Self-healing properties

To gain experimental insight into the PDMS vitrimer’s self-healing capacity when exposed to external mechanical damage, area scratches were imposed at length scales ranging from millimeters down to nanometers to represent a variety of possible damage mechanisms. Two millimeter-thick bulk dyn-PDMS samples⁴⁰ were synthesized and scratched using a razor blade (Fig. 2a). After pressing the damaged samples in a hydraulic press at ~1 psi gauge pressure for 30 s at room temperature, the scratches fully healed, and the sample became optically clear and as uniform as prior to damage (Fig. 2a). For thin dyn-PDMS films after thermal annealing, nanoscale defects such as pinholes and particle scratches are as critical for durability as macroscale damage¹⁶. Hence, we also examined the self-healing performance at the nanoscale by creating scratches and pinholes using AFM. A constant force of 2 μN was applied by the AFM tip to the surface in contact mode when making an area scratch (200 nm × 200 nm area). Tapping mode imaging was then performed in situ one minute after damaging the surface. We observed that material surrounding the area scratch re-combined, and an ~10 nm tall bump formed, completely covering the pinhole (Fig. 2b). We were unable to observe the dynamic process of healing using AFM as the pinhole was already covered by material in the time it took to scan the 200 nm by 200 nm area (10–100 s). The precise molecular mechanism governing the nanometer-scale self-healing is under current investigation; however, the sample viscosity is close to 10⁷ Pa·s at room temperature which is too large for gravity-driven flow on these time scales³³. The rapid healing response facilitated by the dynamic bonds and promoted by the thin layer of material was qualitatively different when compared to the PFC polymer thin films. Applying the same area damage to the surface of the 75 nm-thick CF_x film deposited on an identical Si wafer substrate left permanent scratches and pinholes that could not be removed (Fig. 2b).

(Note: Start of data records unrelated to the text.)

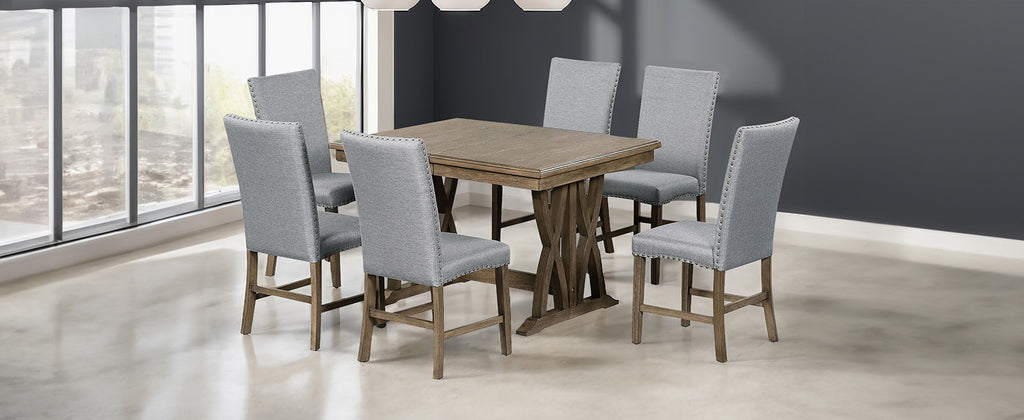 Hakan 7-Piece Extendable Solid Wood Dining Set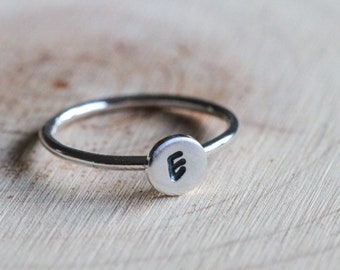 Initial ring, personalized, monogram, letter ring, stacking ring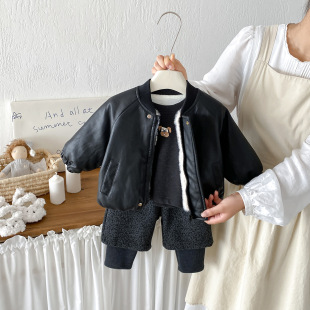 婴幼儿2026冬季豹纹假两件靴裤宝宝加厚加绒打底衫皮衣外套三件套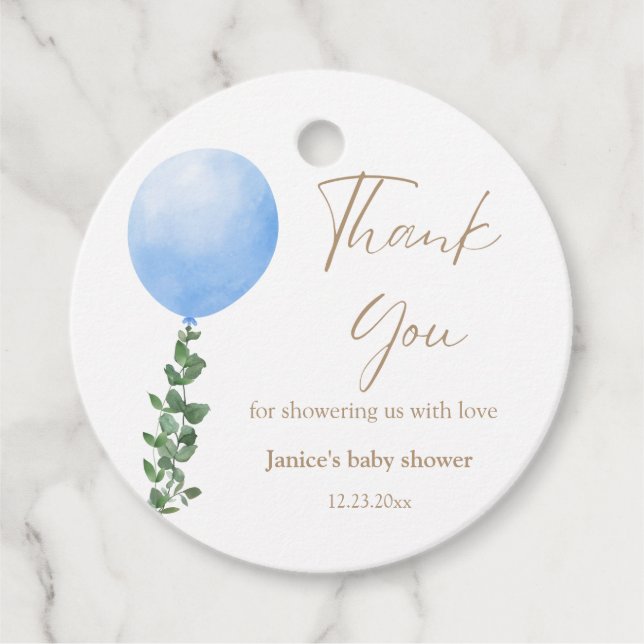 Étiquettes Cadeau Baby shower d'aquarelle bleu Balloon Merci (Devant)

Fig. 2: Self-healing of dyn-PDMS films.

a Optical top-view images of a bulk dyn-PDMS cylinder healing at room temperature after being scratched in the center using a razor and healed at room temperature after 1 psi of pressure was applied. b Response of the materials to AFM area scratches with a contact force of 2 μN. The area scratch was performed at the center 200 nm × 200 nm area, and left permanent damage on CF_x (left image), while the self-healing dyn-PDMS film (right image) was left with a bump of materials covering the damaged hole. Inset color bar: surface height from low (black) to high (white). c Comparison of dyn-PDMS and CF_x thin-film hydrophobicity. Schematic showing the observed response of the coating to (c-i) artificial nano-indented pinholes and (c-ii) scratches. During steam condensation, optical microscopy images revealed that (d-i and e-i) water blisters formed beneath pinholes on the CF_x film, while (d-ii and e-ii) no blisters formed on the dyn-PDMS film. Top-view optical microscopy images showed (e-iii) droplets pinned near the linear water film on the CF_x coating after scratching, while (e-iv) the scratch on the dyn-PDMS sample recovered and healed as evidenced by droplets nucleating directly on the scratch without signs of pinning.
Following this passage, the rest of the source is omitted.